§ **Requirement**: Set every line of the data down again exactly, and keep the pictures out.

§ **Information**:
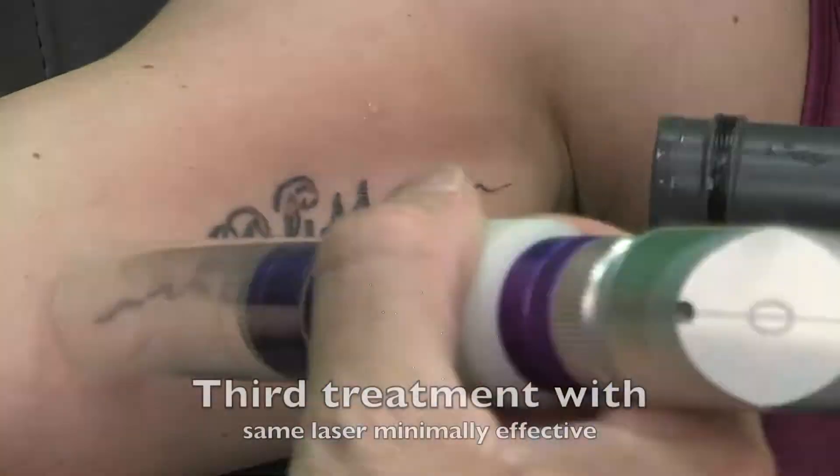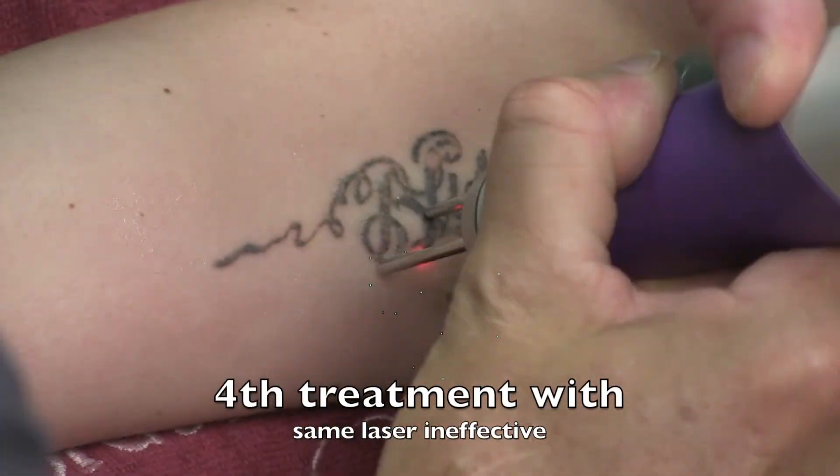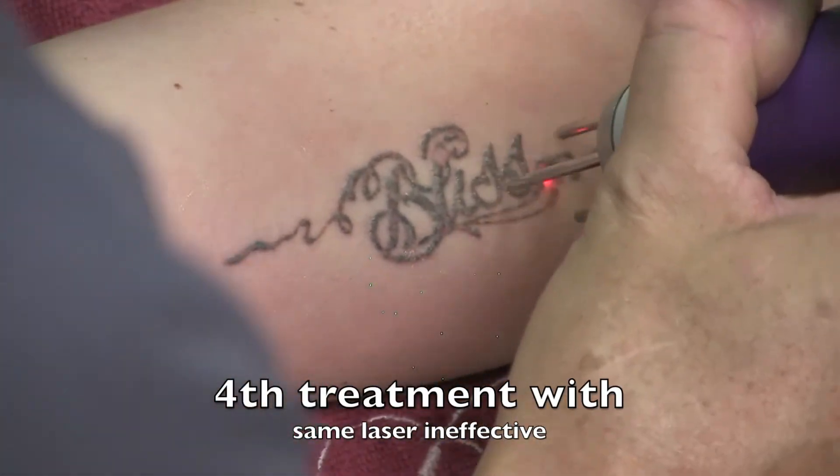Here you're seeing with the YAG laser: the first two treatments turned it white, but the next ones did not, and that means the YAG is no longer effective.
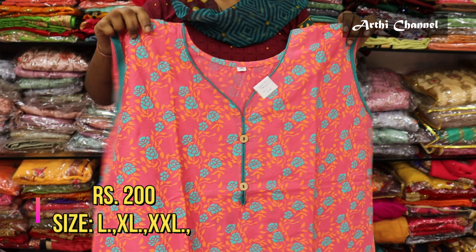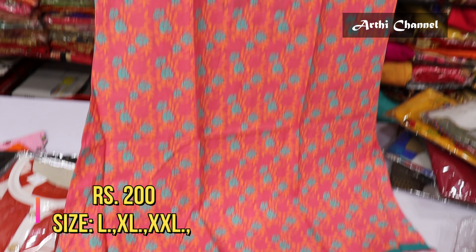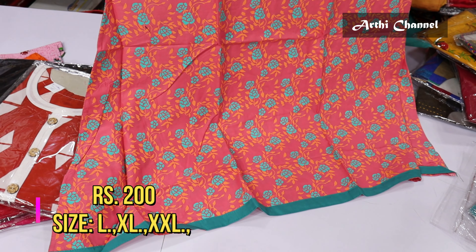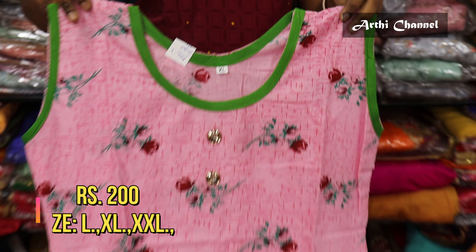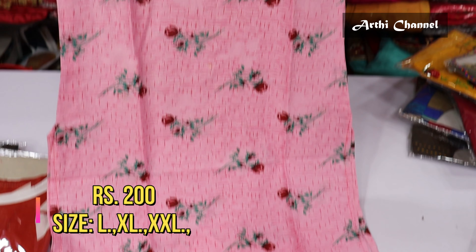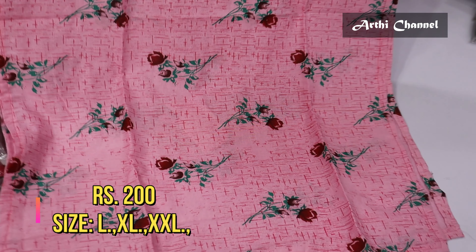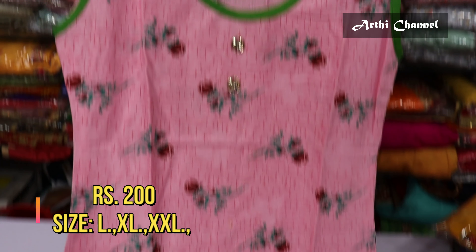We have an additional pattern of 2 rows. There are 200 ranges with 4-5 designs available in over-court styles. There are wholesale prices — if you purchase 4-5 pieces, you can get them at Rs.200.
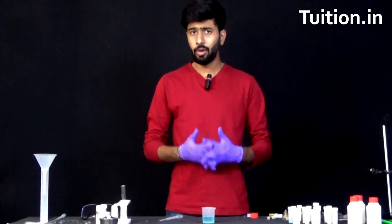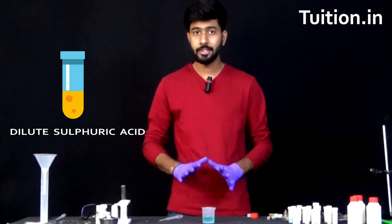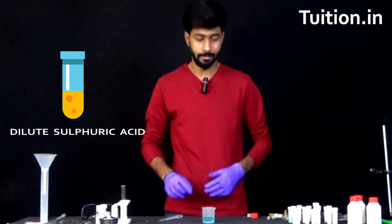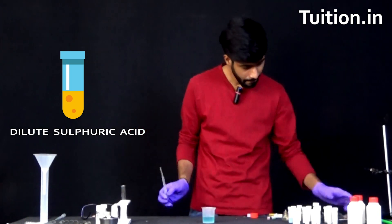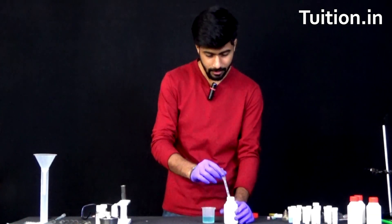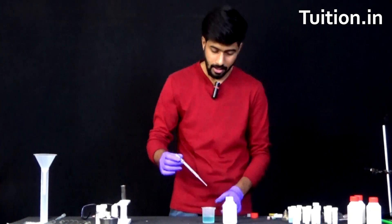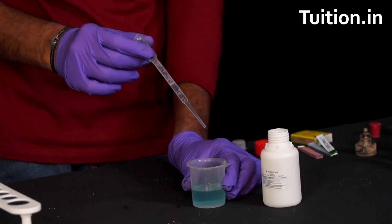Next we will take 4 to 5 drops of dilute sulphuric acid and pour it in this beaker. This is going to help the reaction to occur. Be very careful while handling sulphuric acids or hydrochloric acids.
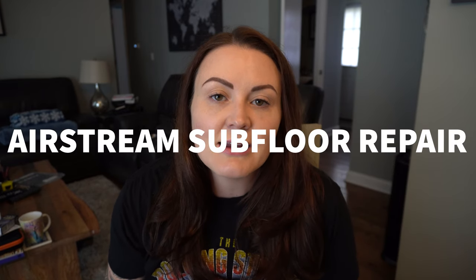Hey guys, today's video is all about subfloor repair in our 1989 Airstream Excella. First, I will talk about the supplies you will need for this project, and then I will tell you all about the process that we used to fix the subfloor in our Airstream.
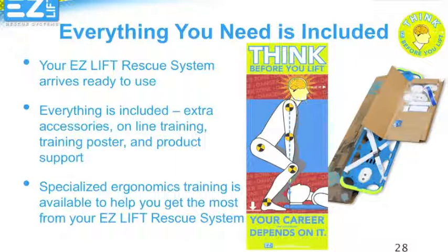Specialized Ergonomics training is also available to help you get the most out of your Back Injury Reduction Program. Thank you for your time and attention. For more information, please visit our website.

§ **Task response**:
Here you're seeing with the YAG laser: the first two treatments turned it white, but the next ones did not, and that means the YAG is no longer effective.
We have an additional pattern of 2 rows. There are 200 ranges with 4-5 designs available in over-court styles. There are wholesale prices — if you purchase 4-5 pieces, you can get them at Rs.200.
Next we will take 4 to 5 drops of dilute sulphuric acid and pour it in this beaker. This is going to help the reaction to occur. Be very careful while handling sulphuric acids or hydrochloric acids.
Hey guys, today's video is all about subfloor repair in our 1989 Airstream Excella. First, I will talk about the supplies you will need for this project, and then I will tell you all about the process that we used to fix the subfloor in our Airstream.
Specialized Ergonomics training is also available to help you get the most out of your Back Injury Reduction Program. Thank you for your time and attention. For more information, please visit our website.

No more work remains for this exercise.